Marie, however, had knelt down, sobbing; and, whilst the canticle lasted, a burning prayer of faith and love ascended from her whole being. But the crowd wanted to see her walk, delighted women called to her, a group surrounded her, and swept her towards the Verification Office, so that the miracle might be proved true, as patent as the very light of the sun. Her box was forgotten, Pierre followed her, while she, stammering and hesitating, she who for seven years had not used her legs, advanced with adorable awkwardness, the uneasy, charming gait of a little child making its first steps; and it was so affecting, so delicious, that the young priest thought of nothing but the immense happiness of seeing her thus return to her childhood.
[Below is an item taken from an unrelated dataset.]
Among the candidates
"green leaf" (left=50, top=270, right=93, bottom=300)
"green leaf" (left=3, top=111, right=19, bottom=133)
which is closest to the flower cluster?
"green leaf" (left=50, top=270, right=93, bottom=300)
Ah! the dear friend of infancy, the dear tenderness of long ago, so she would at last be the beautiful and charming woman that she had promised to be as a young girl when, in the little garden at Neuilly, she had looked so gay and pretty beneath the tall trees flecked with sunlight!

The crowd continued to applaud her furiously, a huge wave of people accompanied her; and all remained awaiting her egress, swarming in a fever before the door, when she had entered the office, whither Pierre only was admitted with her.

That particular afternoon there were few people at the Verification Office. The small square room, with its hot wooden walls and rudimentary furniture, its rush-bottomed chairs, and its two tables of unequal height, contained, apart from the usual staff only some five or six doctors, seated and silent. At the tables were the inspector of the piscinas and two young Abbes making entries in the registers, and consulting the sets of documents; while Father Dargeles, at one end, wrote a paragraph for his newspaper. And, as it happened, Doctor Bonamy was just then examining Elise Rouquet, who, for the third time, had come to have the increasing cicatrisation of her sore certified.